I am very sympathetic to Michael's situation about this.

It's been a very long time since I started voicing the same view of Michael's to those die-hard TI (Taiwan Independence) supporters. The first time I reminded them was in a talk given by a TIer in a university IN USA. YES, IN USA, and he spoke Taiwanese !!! Without any translation to English, not to mention to Maderin !

It was at a time when China didn't look so huge. Many oversea Chinese students never had a chance to learn about Taiwan democracy development, and are very earger to learn more.

So they went to the talk, but couldn't understand a single word. One of them raised the issue to the speaker, requesting a translation service --- at least to English. The speaker refused and remarked,

"We have the right to speak what we want. It's your own problem that you can't understand."

I was so shocked and in disblief. After the talk I told them if you want to deliver your idea, speak something people understand. Otherwise, don't waste your time.

It's been more than 10 years. I couldn't believe these die-hard ancient TI fighters never learned. If there's only one single organization that can deliver strong TI messages in multilanguages, FAPA is probably the one. Yet they chose to cuddle among themselves. I really wonder what they expect to achieve by hugging to keep each other warm. To me they are filled with so much hatred that clouds their minds in a way that "feeling good" is far more important than "winning the battle."

To me, it is equivalent to treating themselves as pity victims. In that sense they don't really need opponents.

And, I am telling you, the language thingy is just only one of many "out-dated, suicidal behaviors" they have. There have been so many times I almost gave up fighting with them for their other certain-death approaches.

Certainly, they don't think they are suicidal. They call it "principle" --- "Without principles we have nothing."

Yea right. Look what we have now.

Anyway, I am with you, Michael. There's a long way ahead.

Update: Unlike those English-as-the-first-language people who are most likely to complain about this situation, I was born and raised in Taiwan. I speak fluently in Taiwanese, Mandarin and English. I was raised in a way that you don't speak secret language in front of others. If one of our Mandarin-speaking friends jumps in when we are talking in Taiwanese, we all switch to Mandarin and continue the topic. When we came to USA, if an English-speaking friend came to our party, we all switch our tone to English, even when many of us are really terrible at it. My family behave that way, and friends I met behave that way.

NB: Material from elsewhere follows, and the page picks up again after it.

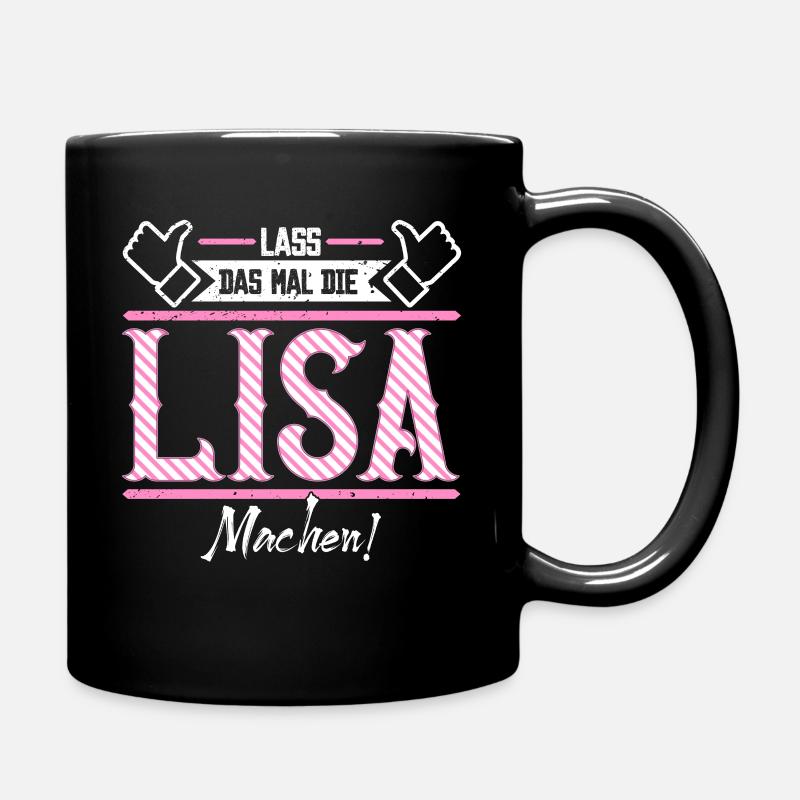 Lisa Geschenkidee Geschenk Geburtstag - Tasse einfarbig - Schwarz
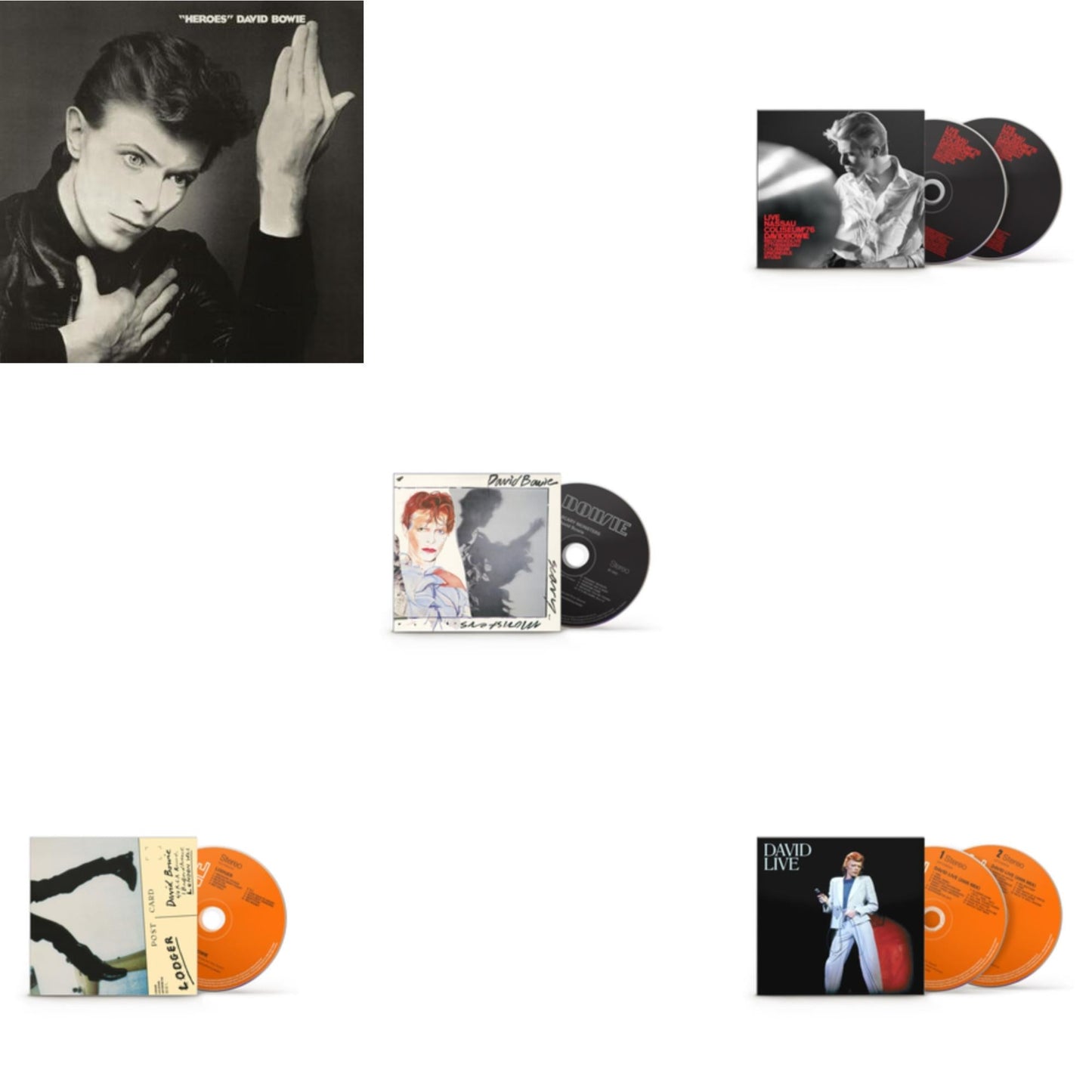 Heroes (2017 Remaster) & Lodger (2017 Remaster) & Scary Monsters (& Super Creeps) & Live Nassau Coliseum '76 (2CD) & David Live (2005 Mix) (2CD)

As a result, it becomes a basic politeness for me to respect visitors by not leaving them in darkness. Therefore, the strong resistance of TI supporters to Mandarin in a situation where they need it most looks alien to me.

Labels: , , , ,

2 Comments:

At 2:02 PM, Blogger Dad said...

Completely agree with you about this issue. Especially the part where too many Taiwan independence supporters somehow equate speaking Taiwanese and being a victim worthy of pity or sympathy.

It's pathetic behaviour and will lead them nowhere.

 
At 8:08 AM, Anonymous Anonymous said...

I honestly cannot even believe that I'm reading posts taking on the touchy political issue on the use of Taiwanese/Minnan. Kudos to the people who have stood up on this issue.

I'm happy because there might be hope for the Taiwanese Independence because they will take stock and reflect on what's not working. Taiwan as a democracy is supposed to celebrate diversity instead of fomenting ethnic division. You can't have a successful broad political movement that's based on exclusivity. Whatever happened to the old integrationist spirit of Dangwai that was part of the founding of the DPP before the party was hijacked by Hoklo chauvinists?